Since reading Unix: A History and a Memoir by Brian Kerninghan (of K&R), I’ve been a little enamored with the idea of writing small command line tools. This article titled Hints for Writing Unix Tools hits on a bunch of things, and is worth reading, but one that really jumped out at me was this:
Output should be simple to parse and compose. This usually means representing each record as a single, plain-text formatted line of output whose columns are separated by whitespace. (No JSON, please.) Most venerable Unix tools—grep, sort, and sed among them—assume this.

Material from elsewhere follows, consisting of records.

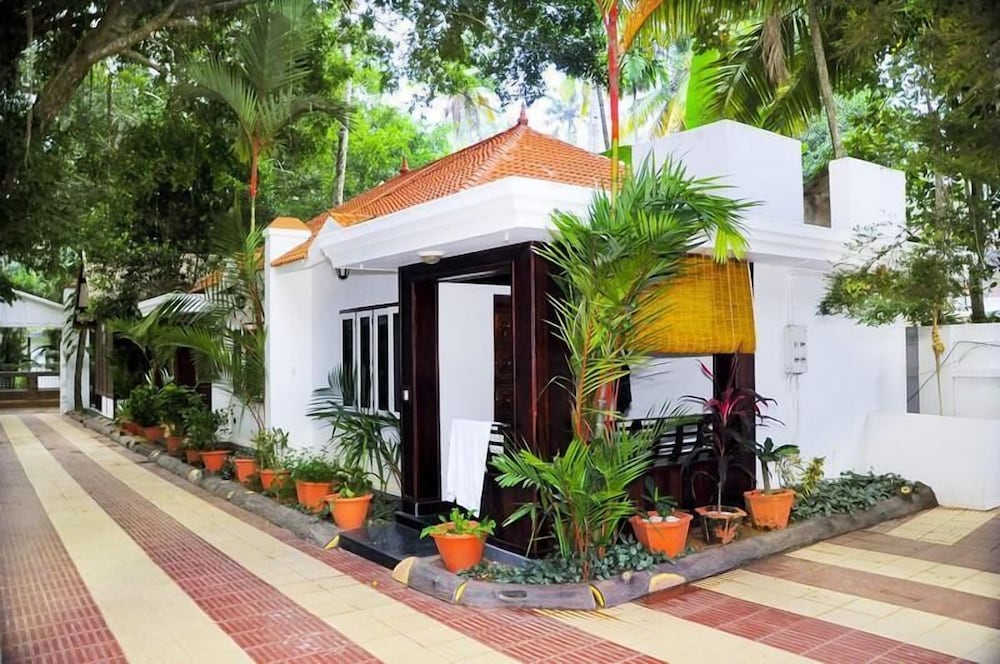 Фото Akhil Beach Resort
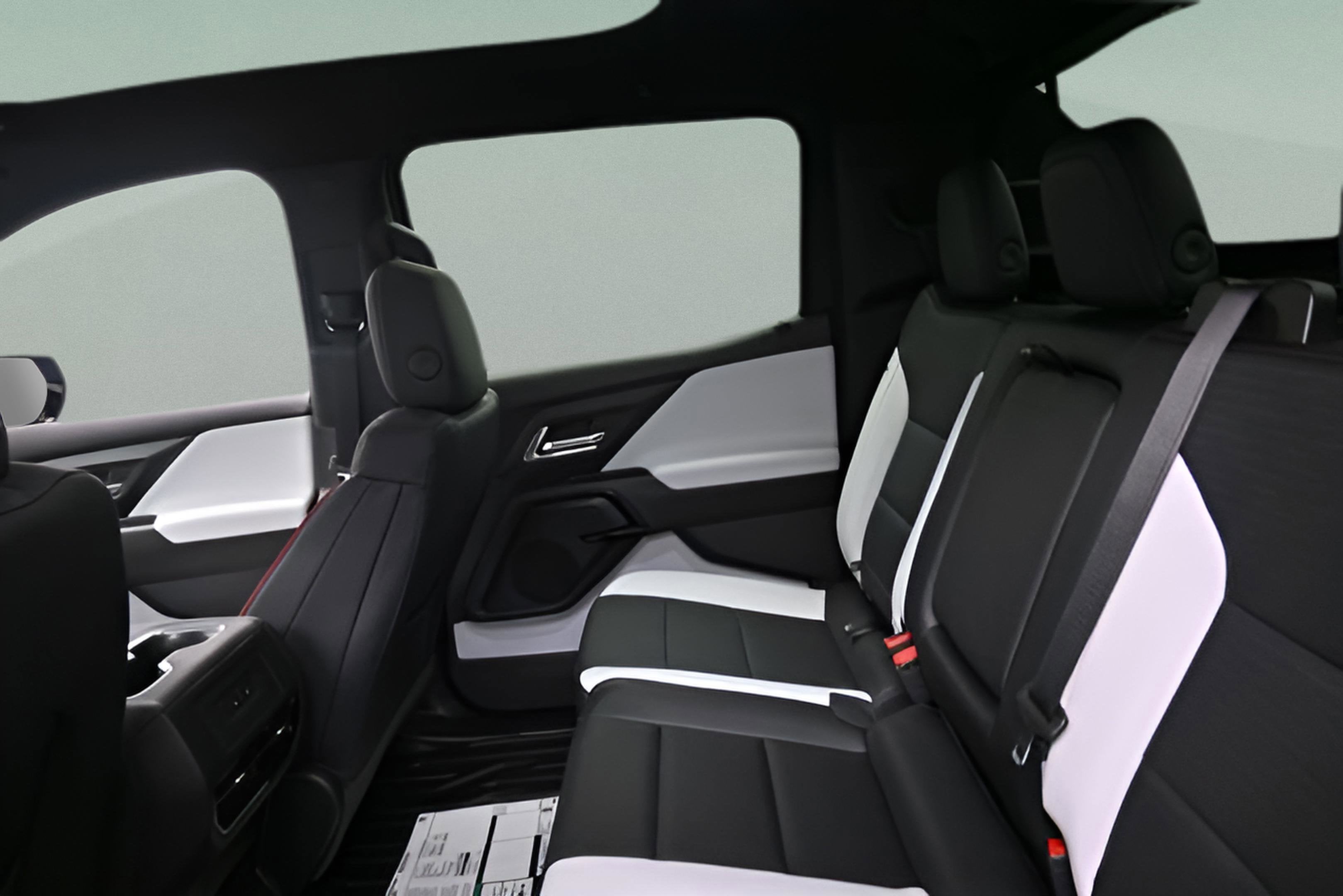 2025 Chevrolet Silverado EV RST - Max Range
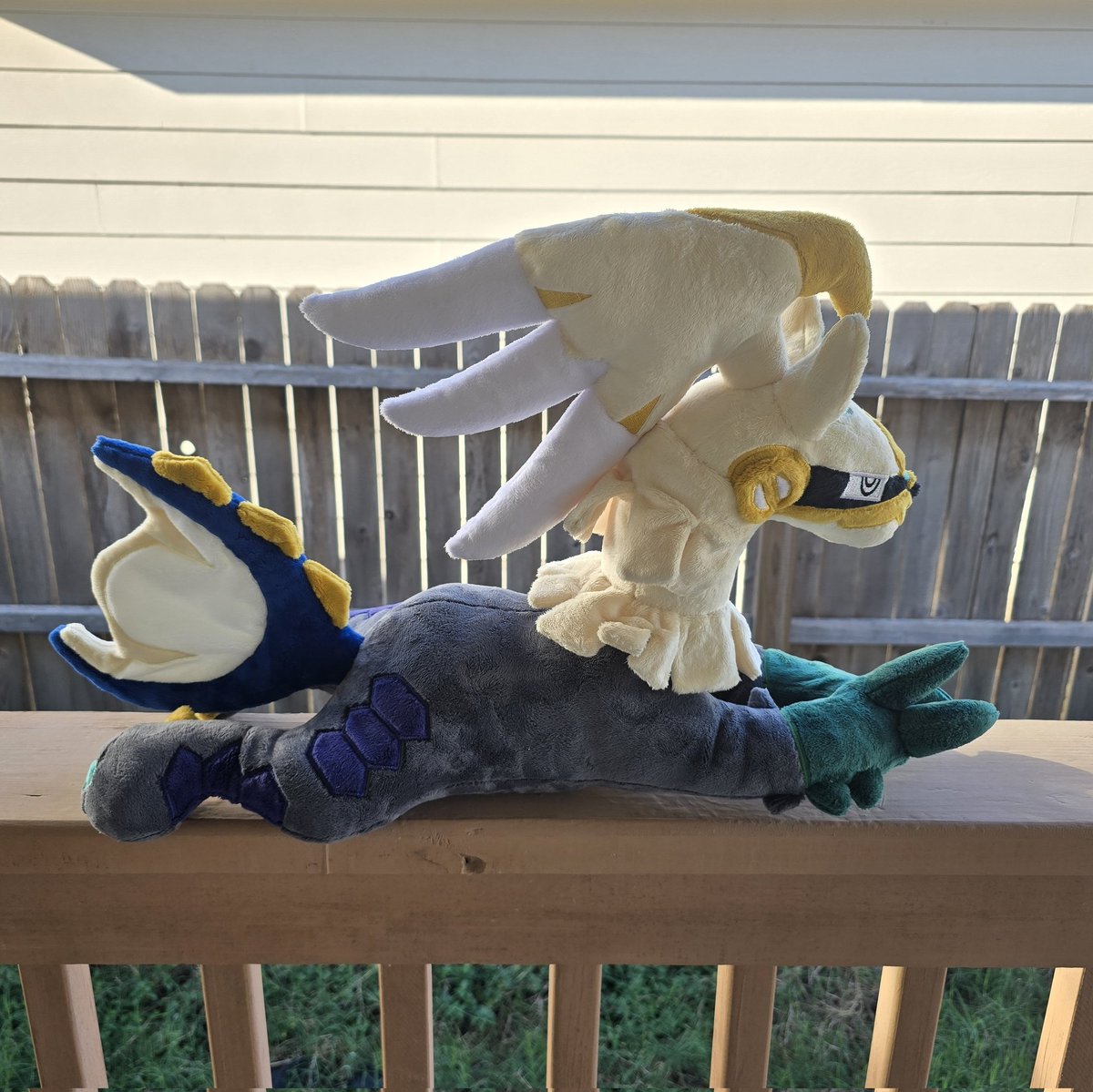 Leighs_Dragons's tweet image. ✨️Plushie Reveal✨️

It&apos;s a jumbo sploot Shiny Silvally!

This plush is about 3ft long (too big for my light box). It has beans in the feet and belly for extra weight!

#Plush #plushart #pokemon #ShinyPokemon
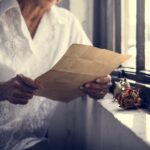 Kobieta przeglądająca dokumenty przed rozprawą o alimenty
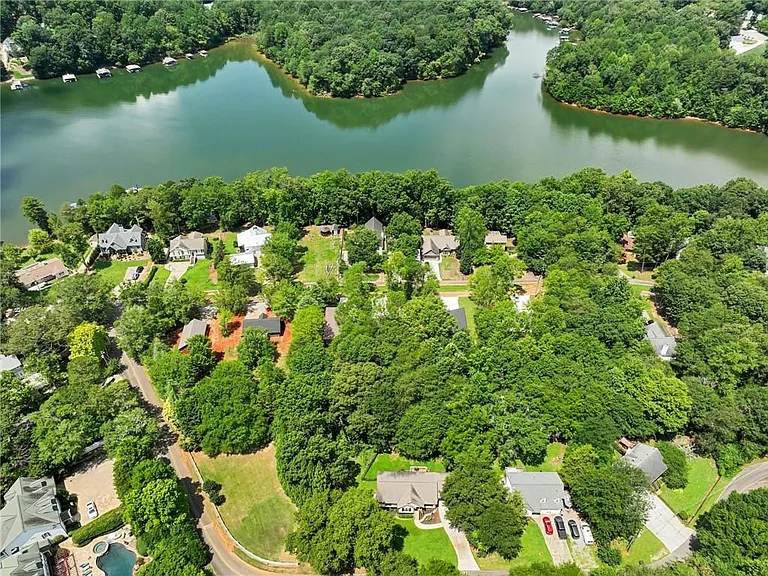8083 Beachwood Dr — Photo 38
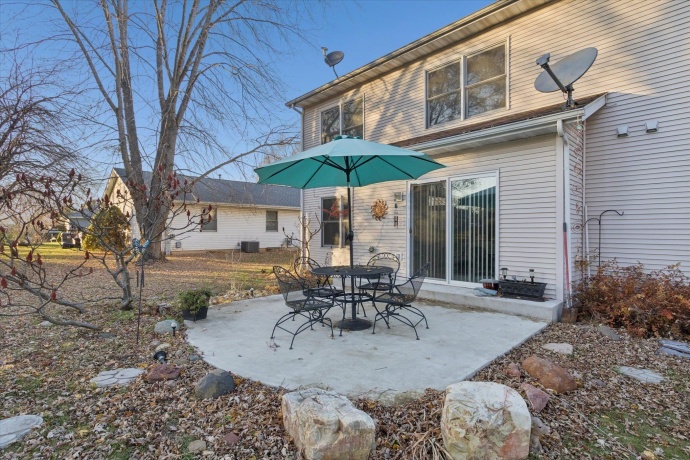 109 Galleon Run, POPLAR GROVE, Illinois 61065, 3 Bedrooms Bedrooms, ,2 BathroomsBathrooms,House,For Sale,Galleon Run,202507152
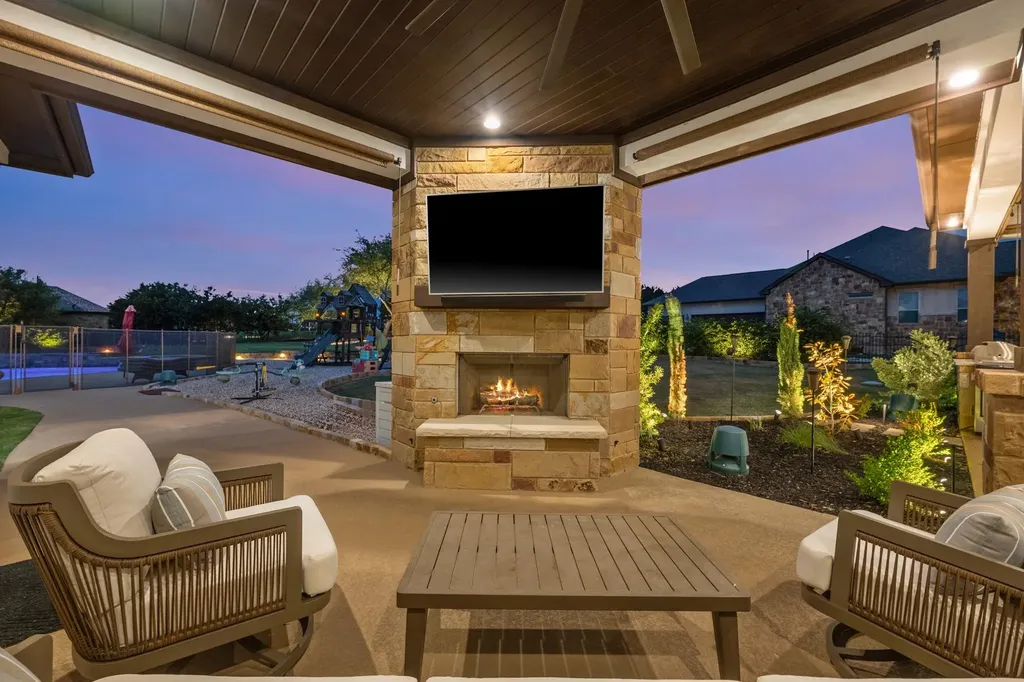 401 Highland Bluff Drive Georgetown TX 78633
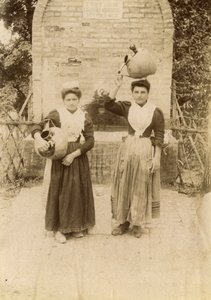 Zwei junge Frauen in traditioneller Kleidung mit Terrakottagefäßen am Brunnen, Marken, Italien, ca. 1910 von Italian Photographer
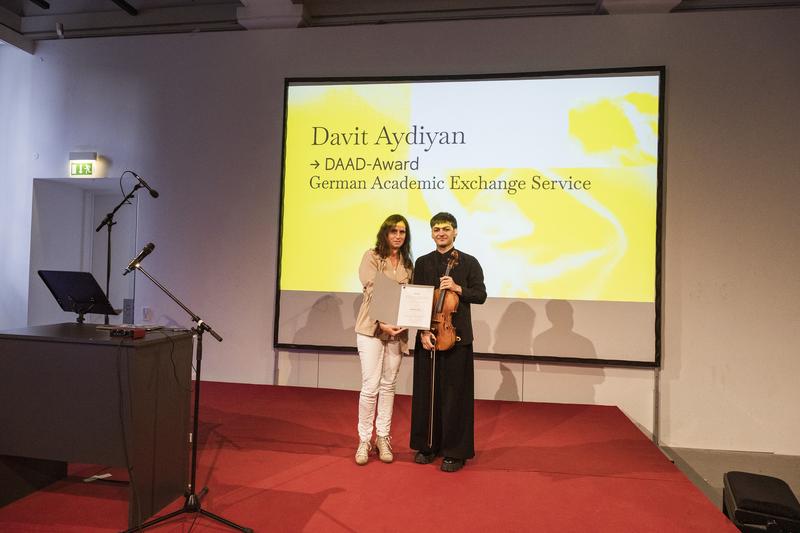 Prof. Dr. Mirjam Boggasch awarded the DAAD Prize 2024 to Davit Aydiyan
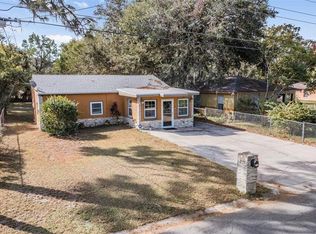212 Bassedena Cir S, Lakeland, FL 33805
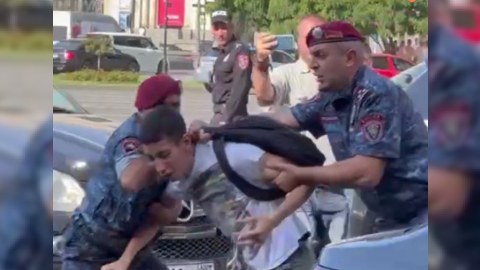 Ermənistanda 49 etirazçıya cinayət işi açıldı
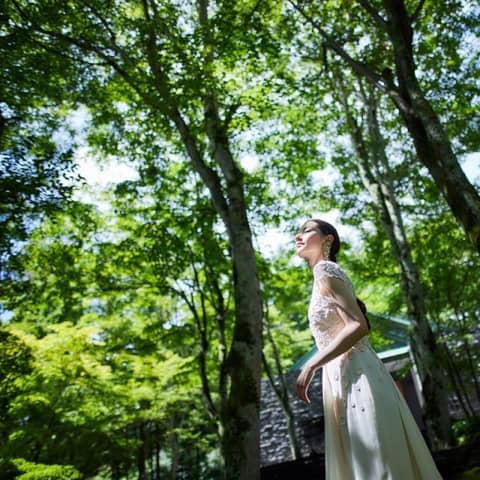 公式サイト限定＊挙式料無料【27年3・4月】春プラン／装花＆衣装特典付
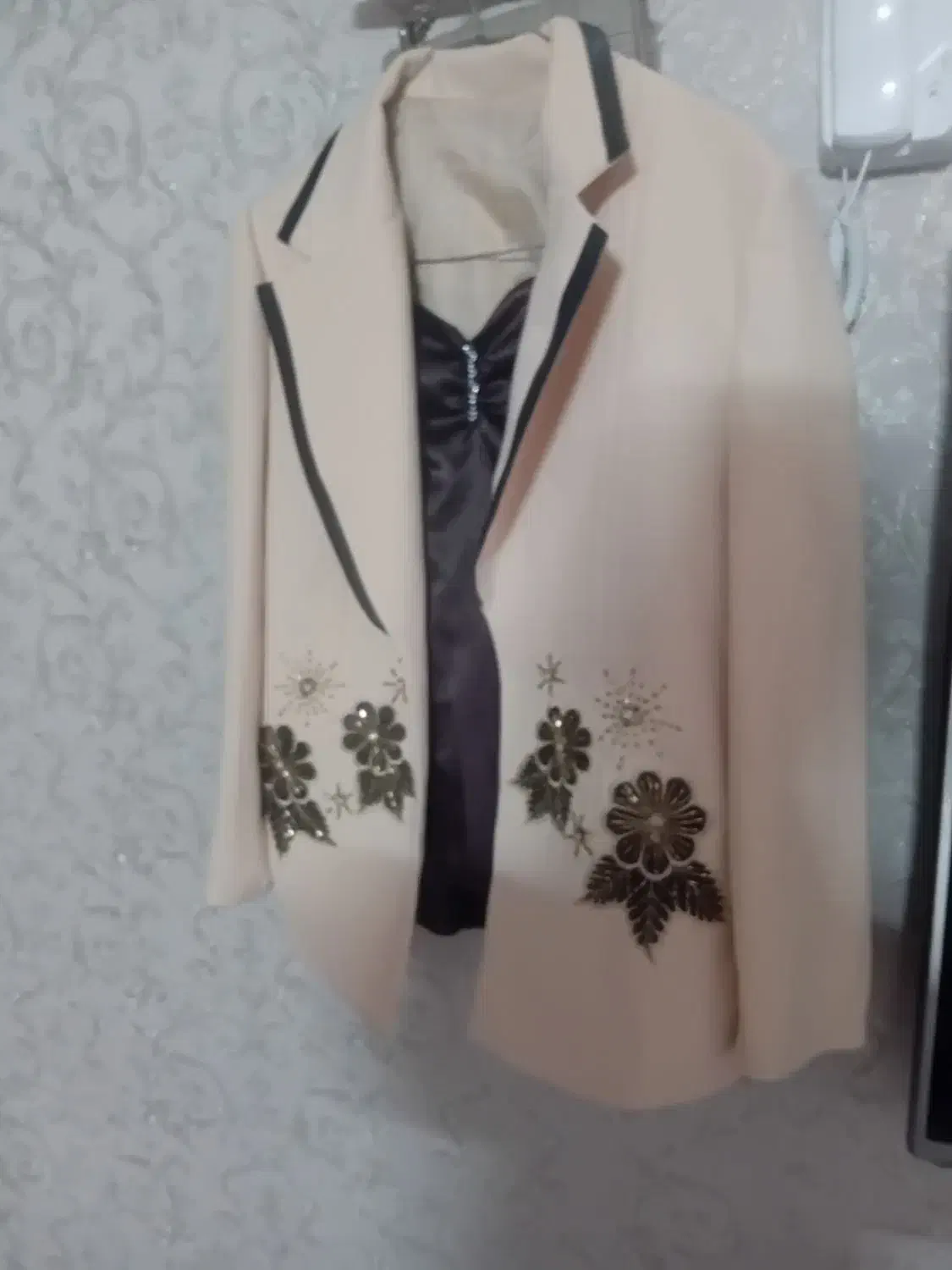 کت و دامن نونو سایز ۴۸ ولی به ۴۴ و ۴۶ میخوره|لباس|خاوران, |دیوار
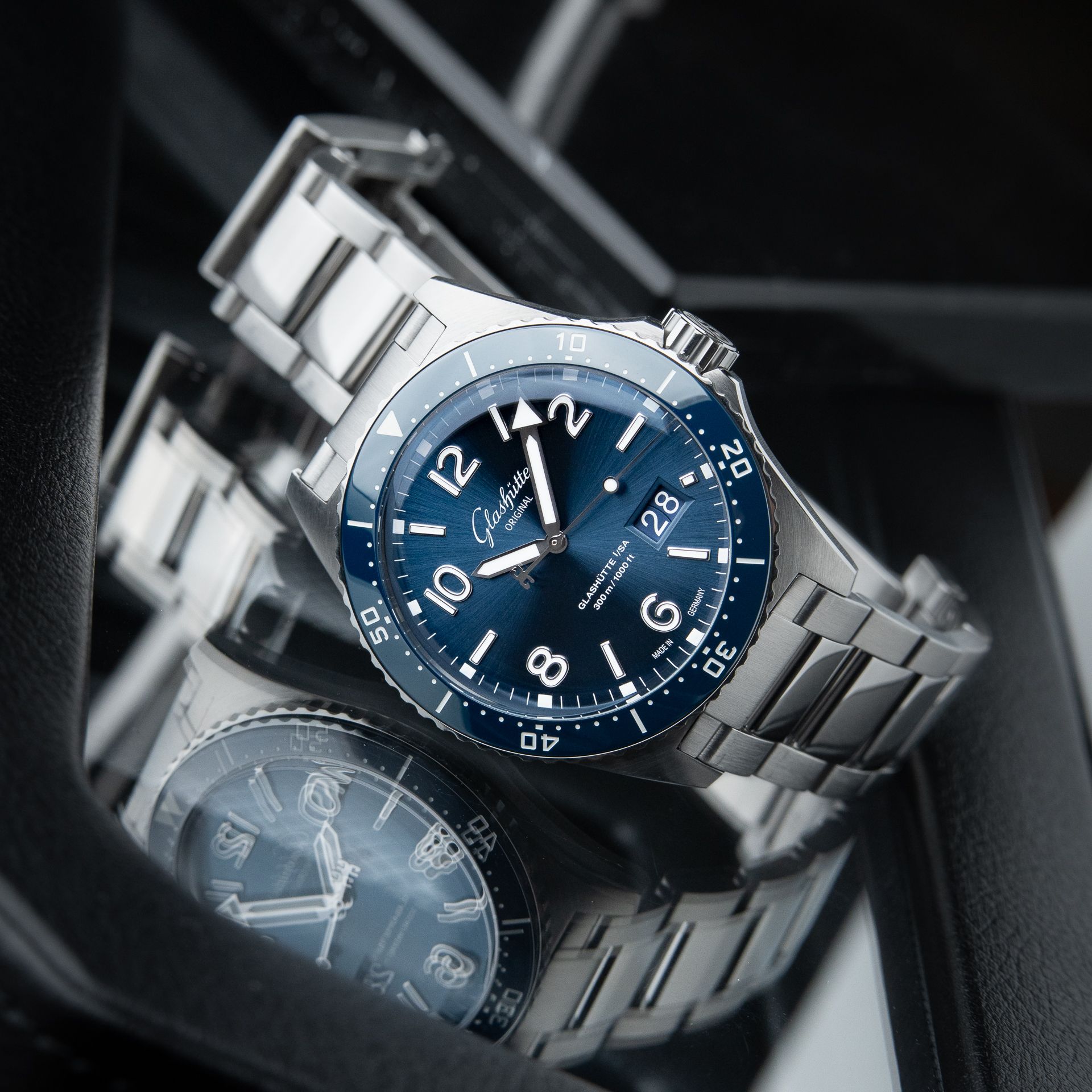 Glashutte Original SeaQ 1/2025 Panorama Date Blue Dial Steel Bracelet 43.2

Trying to parse the output of something like this on the command line is incredibly frustrating:
{
myThing = "Blah"
percent = 0.5
...
}
However, if the output is tab delimited:
myThing blah
percent 0.5
Parsing it with Awk
, sed
, or other Unix filter tool can usually be done as easily as awk '/myThing/ { print $2 }'
. I wish more tools paid attention to this. Maybe if you were writing Unix from scratch today, you’d have processes communicate using structured data (I think this is what PowerShell does?), but you have to work with the system you have.
Everyone knows that regular expressions are terrible, but what my theory presupposes, is that a large percentage of the “how can I parse …” questions on places like Stack Overflow that are solved by a crazy regex wouldn’t exist if more tools had sane output.